Re: [PATCH 00/10] Optimized math routines
On 06/07/18 18:17, Szabolcs Nagy wrote:
On 06/07/18 17:27, Carlos O'Donell wrote:
On 07/06/2018 11:46 AM, Szabolcs Nagy wrote:
On 06/07/18 13:43, Carlos O'Donell wrote:
On 07/06/2018 04:47 AM, Szabolcs Nagy wrote:
Optimized exp, exp2, log, log2, pow, sinf, cosf and sincosf
Is it your intent to have these included in 2.28?
(resending as my previous mail seems to be lost)
yes, i'd like to add it to the 'desirable in 2.28' list
if Joseph is ok with the code, but i see he is not available
right now for review.
i don't know how other maintainers feel about such change,
there needs to be an ulp update (i'm willing to do that for
targets i can access hw for testing).
Where there any unanswered questions in your v4 review?

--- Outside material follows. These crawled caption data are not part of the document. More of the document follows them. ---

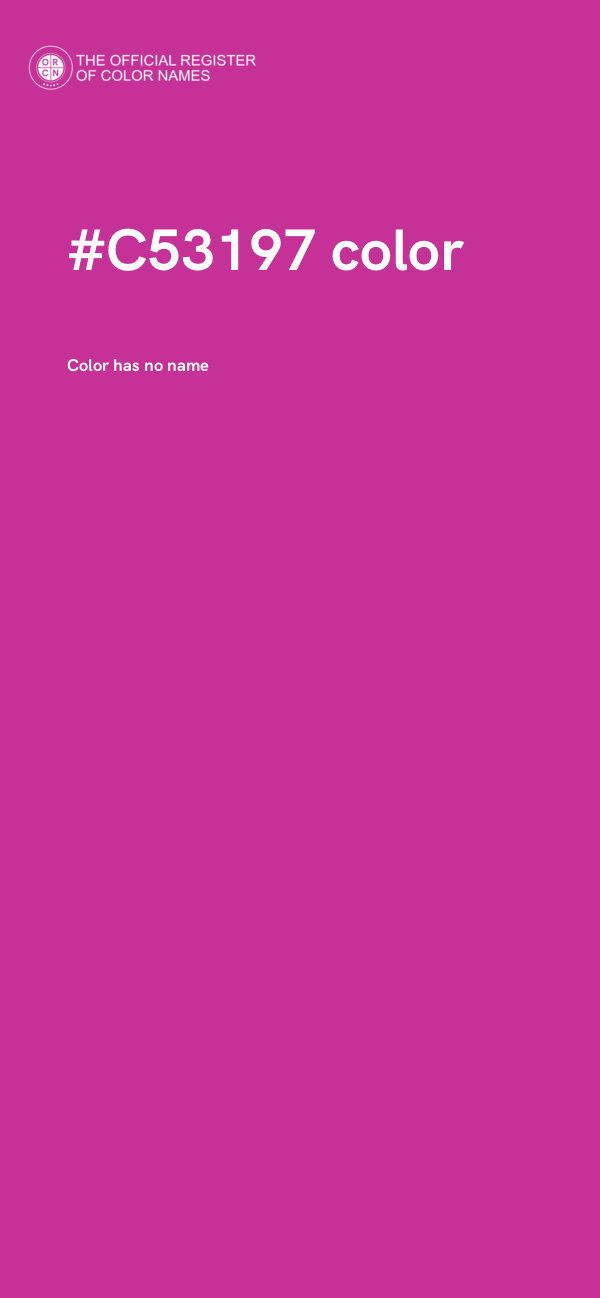 #C53197 color image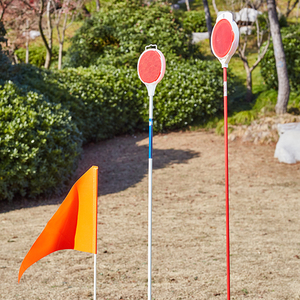 48 inch đường lái xe phản chiếu đánh dấu cam sợi thủy tinh tuyết Stakes với đôi mặt phản xạ và băng phản chiếu - Product Image 6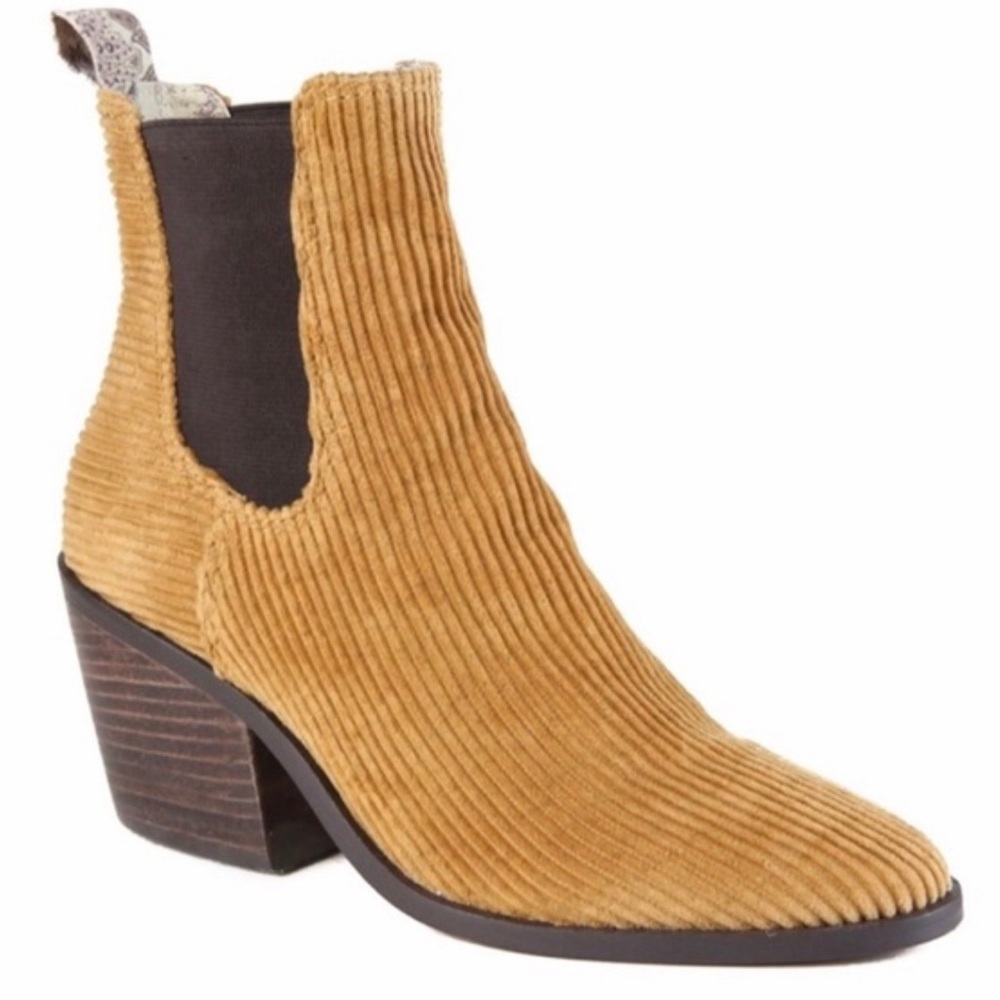 Band Of Gypsies Free People Corduroy Boho Chelsea Boot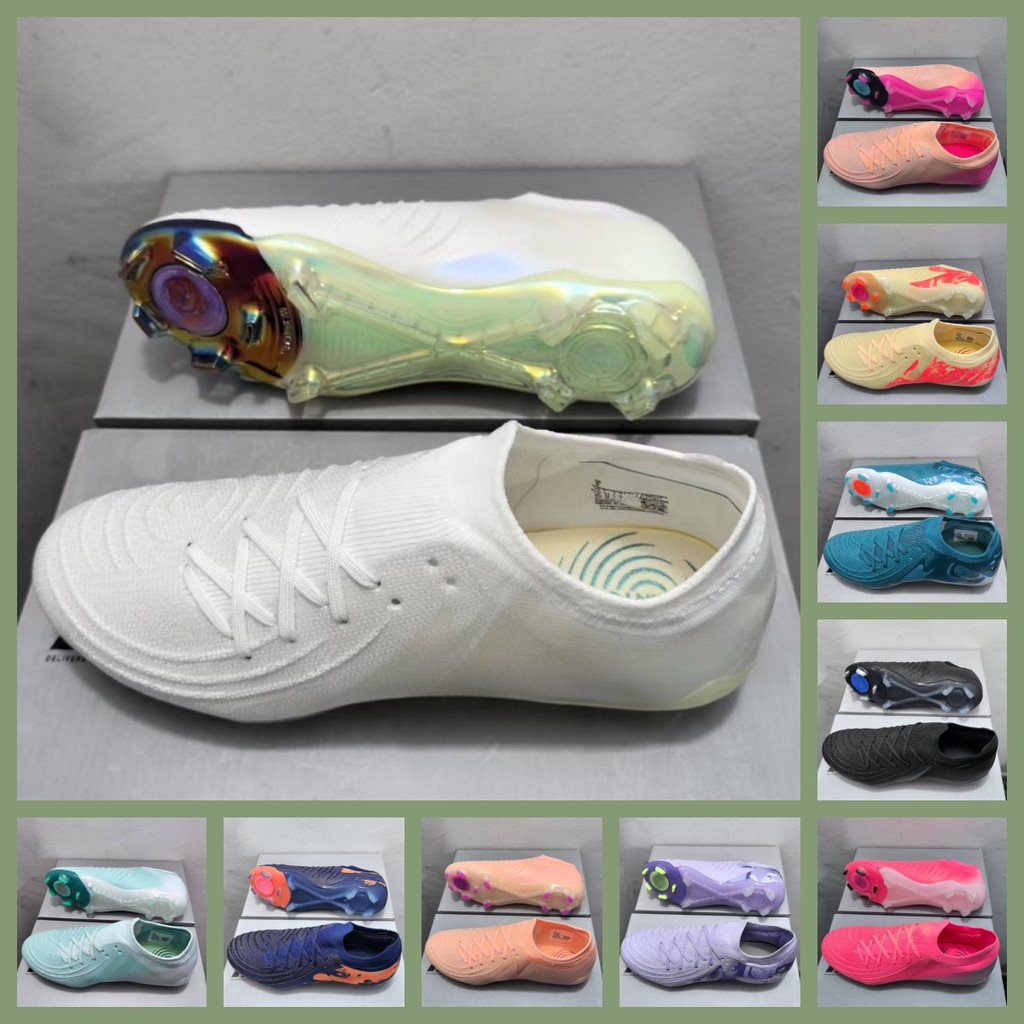 Novas Botas De Futebol De Malha Completa À Prova D'água De Tubo Baixo Combinando Com Yuesha MD FG 39-45 Cores em Oferta na Shopee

Do you think v4 is basically as good as it will get?
Who were the people who signed off on the review?
Joseph Myers started the review of both the sinf, cosf, sincosf
changes and the exp, exp2, log, log2, pow changes.

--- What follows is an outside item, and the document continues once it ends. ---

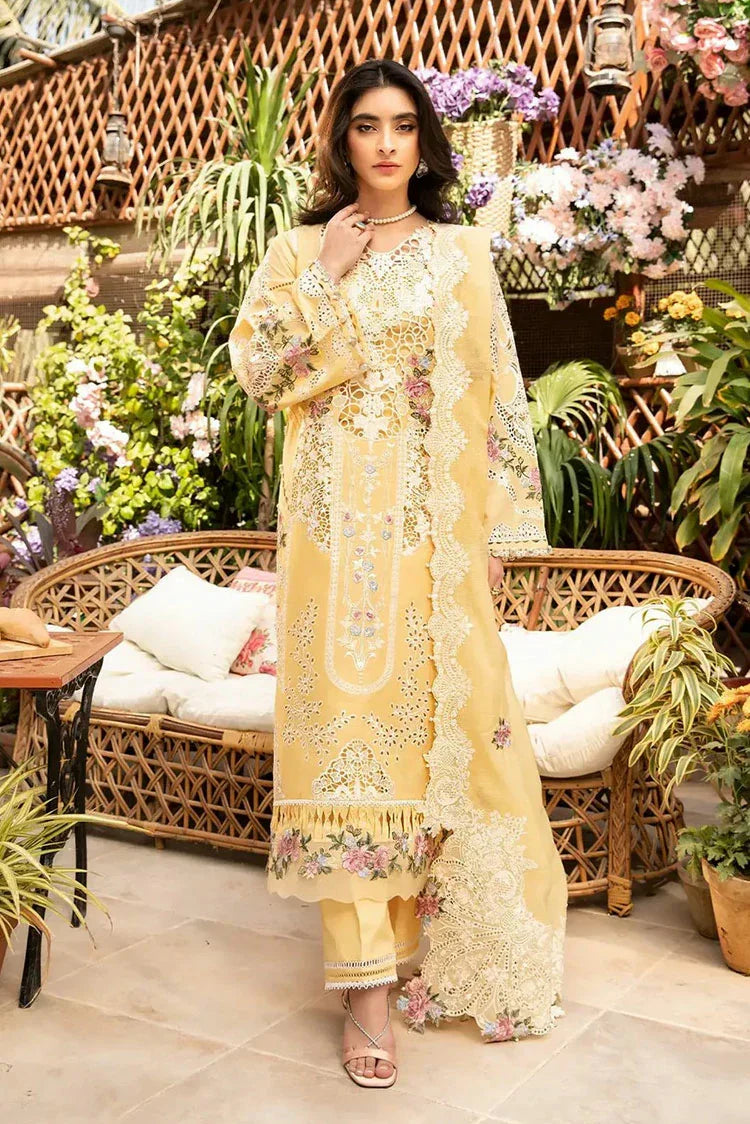 ELAF EMBROIDERED LAWN 3PC UNSTICHED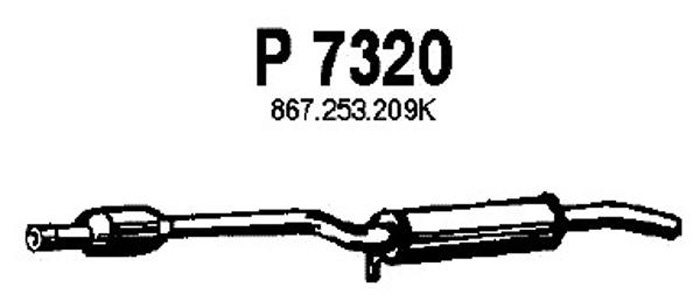 Intermediate muffler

I think I addressed all of his comments in an acceptable way,
but i don't know if he had other concerns or if parts of the
code he has not reviewed yet.
Since the glibc tests pass on 3 different targets (and
build-many-glibcs.py) i think there is no danger of the
patch being completely broken. Wilco and I tested the patches
in detail outside of glibc so it is the glibc integration where
I expected most of the issues.
I don't expect performance regression on any target, but it
was not measured e.g. on powerpc (only aarch64 and x86_64)
which might have different behaviour (previous sincosf was
optimized on that target hence it might make sense to retest
the new code to be sure).
I think the patches are in a good quality state now.
(The ABI changing part needs further work so i didn't post that.)
built and tested on a power8 machine now, glibc math
tests pass (except for an unrelated fmal failure),
benchmark improvements are consistent with aarch64/x86_64,
but it was a shared access machine so i won't post exact
numbers, sincosf improved a bit too, sinf/cosf didn't
(apparently powerpc has its own implementation).